BANJARBARU – Pemerintah Provinsi Kalimantan Selatan terus memperkuat arah pembangunan sektor perkebunan kelapa sawit menuju sistem yang lebih berkelanjutan dan berdaya saing. Langkah ini menjadi bagian dari upaya jangka panjang untuk menyeimbangkan kepentingan ekonomi, sosial, dan lingkungan dalam industri strategis yang menyerap puluhan ribu tenaga kerja di Banua tersebut.
Kepala Dinas Perkebunan dan Peternakan (Disbunnak) Kalsel, Suparmi, menegaskan bahwa Pemprov Kalsel berkomitmen memastikan seluruh rantai usaha sawit menerapkan prinsip keberlanjutan, mulai dari kebun hingga industri hilir.
“Pemprov Kalsel mengarahkan seluruh pelaku usaha untuk beroperasi sesuai prinsip sawit berkelanjutan. Fokus kami mencakup penguatan data, peningkatan kapasitas pekebun, perbaikan tata kelola, hingga percepatan sertifikasi ISPO,” ujarnya di Banjarbaru, Jumat (24/10/2025).
Komitmen itu dipertegas melalui Peraturan Gubernur Kalsel Nomor 13 Tahun 2023 tentang Rencana Aksi Daerah Perkebunan Kelapa Sawit Berkelanjutan (RAN-KSB) 2022–2024, yang menjadi panduan kebijakan daerah dalam mendorong industri sawit yang ramah lingkungan dan inklusif.

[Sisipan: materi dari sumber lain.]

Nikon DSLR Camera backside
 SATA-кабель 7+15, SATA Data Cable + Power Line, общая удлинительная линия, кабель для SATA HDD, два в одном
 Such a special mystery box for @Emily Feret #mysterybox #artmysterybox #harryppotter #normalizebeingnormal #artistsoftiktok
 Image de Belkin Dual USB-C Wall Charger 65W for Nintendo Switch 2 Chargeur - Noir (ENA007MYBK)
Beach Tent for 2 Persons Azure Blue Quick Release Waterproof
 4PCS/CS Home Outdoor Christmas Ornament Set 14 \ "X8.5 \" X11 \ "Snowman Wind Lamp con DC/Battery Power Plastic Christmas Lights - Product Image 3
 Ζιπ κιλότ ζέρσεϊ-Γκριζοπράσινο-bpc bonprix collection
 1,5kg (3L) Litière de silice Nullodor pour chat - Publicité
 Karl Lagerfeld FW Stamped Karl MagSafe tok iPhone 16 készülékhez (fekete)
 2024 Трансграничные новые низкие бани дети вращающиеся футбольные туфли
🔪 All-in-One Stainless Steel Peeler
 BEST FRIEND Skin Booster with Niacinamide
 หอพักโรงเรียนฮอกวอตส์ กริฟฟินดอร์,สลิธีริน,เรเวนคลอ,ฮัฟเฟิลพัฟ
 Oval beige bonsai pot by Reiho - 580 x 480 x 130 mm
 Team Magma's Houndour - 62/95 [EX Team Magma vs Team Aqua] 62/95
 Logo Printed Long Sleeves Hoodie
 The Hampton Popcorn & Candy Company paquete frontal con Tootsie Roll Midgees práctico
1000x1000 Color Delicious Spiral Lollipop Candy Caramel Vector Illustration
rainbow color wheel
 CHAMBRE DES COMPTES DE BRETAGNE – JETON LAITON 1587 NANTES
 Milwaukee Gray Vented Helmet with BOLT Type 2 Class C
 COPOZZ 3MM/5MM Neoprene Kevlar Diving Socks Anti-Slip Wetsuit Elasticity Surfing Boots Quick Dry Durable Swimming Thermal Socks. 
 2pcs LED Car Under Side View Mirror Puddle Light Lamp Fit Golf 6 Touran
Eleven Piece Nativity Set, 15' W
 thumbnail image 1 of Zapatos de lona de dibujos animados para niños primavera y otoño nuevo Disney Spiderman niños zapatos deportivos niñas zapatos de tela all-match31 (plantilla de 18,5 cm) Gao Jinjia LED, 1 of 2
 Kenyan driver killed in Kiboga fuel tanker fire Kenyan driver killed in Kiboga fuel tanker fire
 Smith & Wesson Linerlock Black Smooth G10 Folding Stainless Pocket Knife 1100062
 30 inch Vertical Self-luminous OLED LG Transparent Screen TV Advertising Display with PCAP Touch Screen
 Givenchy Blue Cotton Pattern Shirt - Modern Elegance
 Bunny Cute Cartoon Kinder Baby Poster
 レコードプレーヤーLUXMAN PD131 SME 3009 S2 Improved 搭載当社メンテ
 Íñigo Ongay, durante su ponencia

Hingga 2025, luas areal perkebunan kelapa sawit di Kalimantan Selatan mencapai 506.269 hektare, dikelola oleh 85 perusahaan besar dan 46 pabrik kelapa sawit. Produksi tandan buah segar (TBS) tercatat mencapai 5,89 juta ton per tahun, dengan produksi CPO sebesar 1,29 juta ton per tahun.
Sementara itu, industri hilirisasi sawit terus berkembang dengan kehadiran tiga pabrik minyak goreng dan dua industri biodiesel yang total kapasitas olahnya mencapai lebih dari 8.000 ton per hari. Sektor ini telah menyerap sekitar 72 ribu tenaga kerja dan diproyeksikan terus meningkat seiring dorongan diversifikasi usaha, termasuk integrasi sawit-sapi dan pengembangan agroindustri.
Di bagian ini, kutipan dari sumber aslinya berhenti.